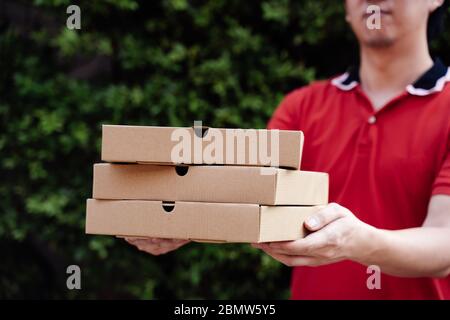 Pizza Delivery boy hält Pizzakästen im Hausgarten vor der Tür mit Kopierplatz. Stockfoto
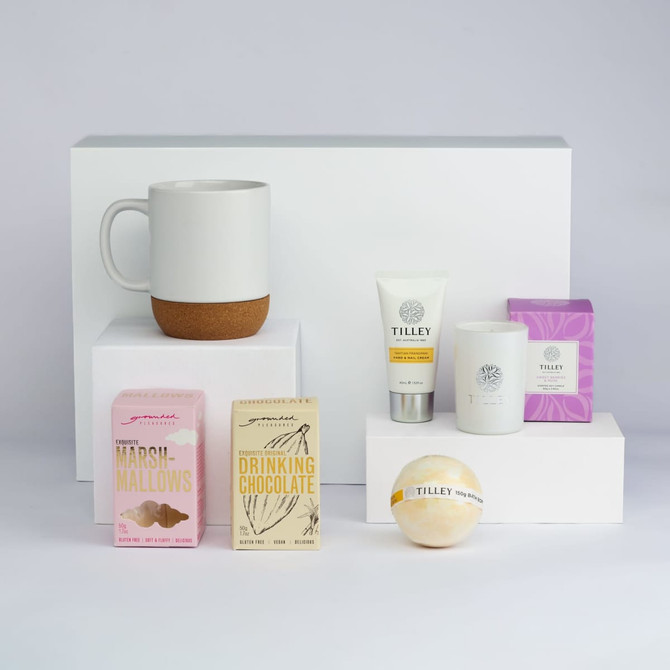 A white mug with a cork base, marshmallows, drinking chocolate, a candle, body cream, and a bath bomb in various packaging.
---
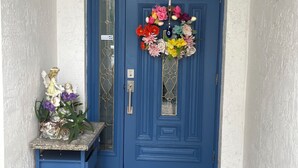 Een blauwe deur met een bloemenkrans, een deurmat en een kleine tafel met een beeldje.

=== TASK OBJECTIVE ===
Your answer should consist of the lines above between those holding "Pizza Delivery boy" and "A white mug", inclusive, reproduced word for word and without pictures.

=== SOLUTION TO THE EXERCISE ===
 Pizza Delivery boy hält Pizzakästen im Hausgarten vor der Tür mit Kopierplatz. Stockfoto
 A white mug with a cork base, marshmallows, drinking chocolate, a candle, body cream, and a bath bomb in various packaging.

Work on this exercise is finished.